What it does
Every customer request in työ has an identity of its own: it knows what it's about, who it's waiting on, and whether it's done. Until it's resolved, it keeps itself visible — in your daily briefing each morning, alongside everything else that still needs a decision.
If something waits too long, työ doesn't just wait with it. The work escalates to a teammate — in their language — so a question doesn't stall because one person had a busy afternoon. When it's handled, it closes out cleanly and stops asking for attention.
Why it matters
In a small business, the owner is the safety net. You're the one lying awake wondering whether anyone answered the catering inquiry from Tuesday. A shared inbox doesn't help with that — it shows you a pile of threads that everyone watches and no one owns.

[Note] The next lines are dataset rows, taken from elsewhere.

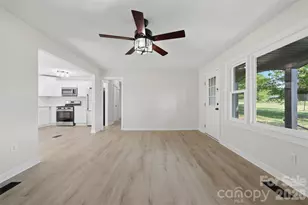 310 Houston Rd, Troutman, NC 28166 - Photo 8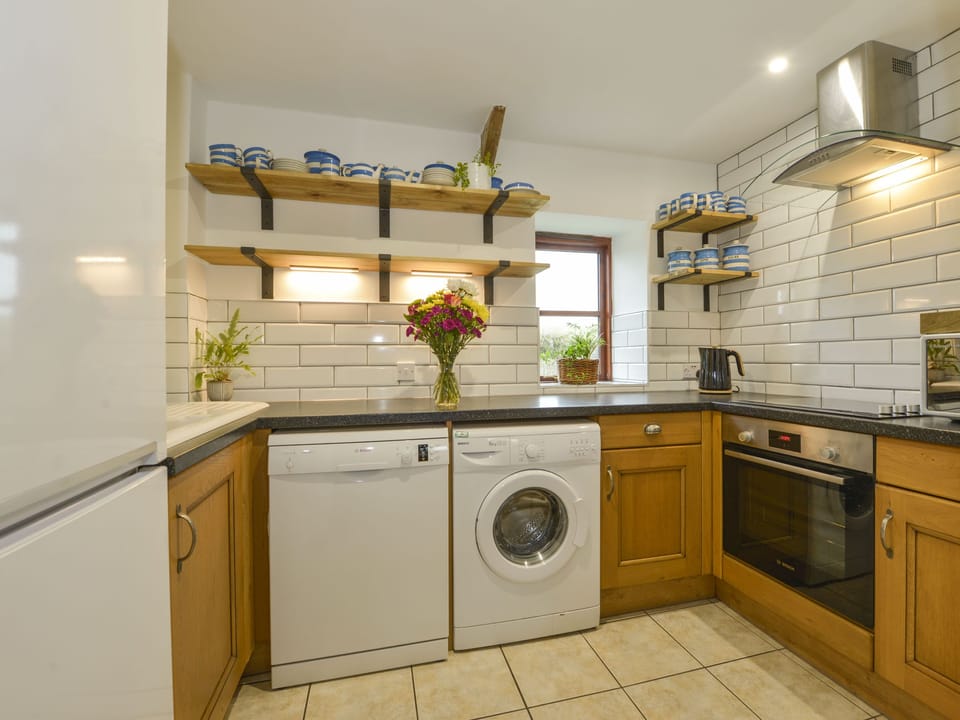 Cottage | Private kitchen | Fridge, microwave, dishwasher, toaster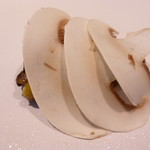 イチリン ハナレ - 大きなマッシュルームの下には・・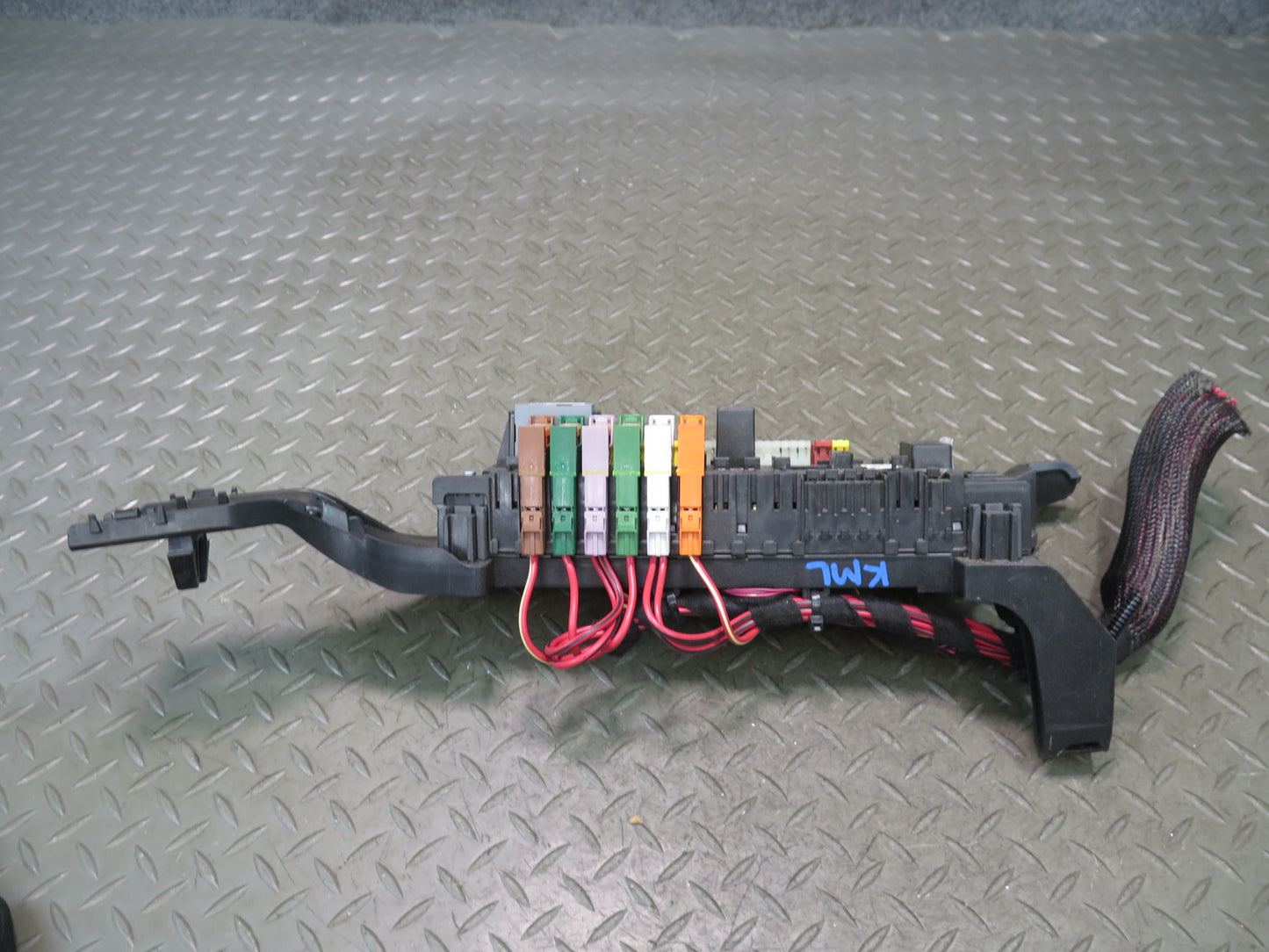 12-15 Mercedes W166 Ml-class Fuse Relay Junction Box Block 1665402350 OEM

An unanswered message has a real price. The customer who asked about a table for twelve doesn't write again; they book somewhere else, silently. Follow-ups turn that silence into something you can see: every open item has a place, an owner, and a way back to the surface.
How it works
When a request comes in, it becomes a work unit routed to the right person, with an AI draft ready for review. From that moment the unit tracks its own state — drafted, waiting for sign-off, waiting on the customer, resolved.
Anything unresolved appears in the daily briefing: a short, plain summary of what's open and what's stuck. If a draft sits unapproved past the limit you've set, the work escalates to the next teammate. Nothing depends on someone remembering to check — the work remembers for you.